[edit]
TAFIE: Transformer-Assisted Fusion with Integrated Entropy Attention for Multimodal Medical Imaging
Proceedings of The Second AAAI Bridge Program on AI for Medicine and Healthcare, PMLR 317:229-238, 2026.
Abstract
Multimodal medical image fusion aims to integrate complementary information from different imaging modalities to enhance clinical diagnosis and surgical navigation. While deep learning-based approaches have significantly advanced fusion quality over traditional methods by leveraging powerful feature extraction, challenges such as blurring, noise, and artifacts persist in the fused results. To address these issues, we propose a novel fusion framework that incorporates an entropy-based attention module to emphasize salient image regions. Our architecture is designed in a multi-scale manner, utilizing an adaptive gating mechanism to effectively extract and combine salient features across different scales. Additionally, we introduce a Top-K token vision transformer to enable efficient global feature extraction while reducing computational overhead by restricting the context space.
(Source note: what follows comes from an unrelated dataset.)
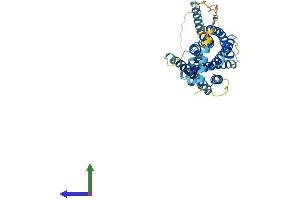 AlphaFold protein structure predicition of Mouse Recombinant Mrgprx2 Protein, UniprotID Q3UG50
We further demonstrate the effectiveness of our fused representations in the downstream task of oocyte quality prediction, showing improved accuracy over individual focal images as well as over other approaches. Extensive experiments on diverse medical imaging datasets demonstrate that our method achieves competitive performance compared to state-of-the-art techniques, both quantitatively and visually. Ablation studies underscore the importance of each proposed component.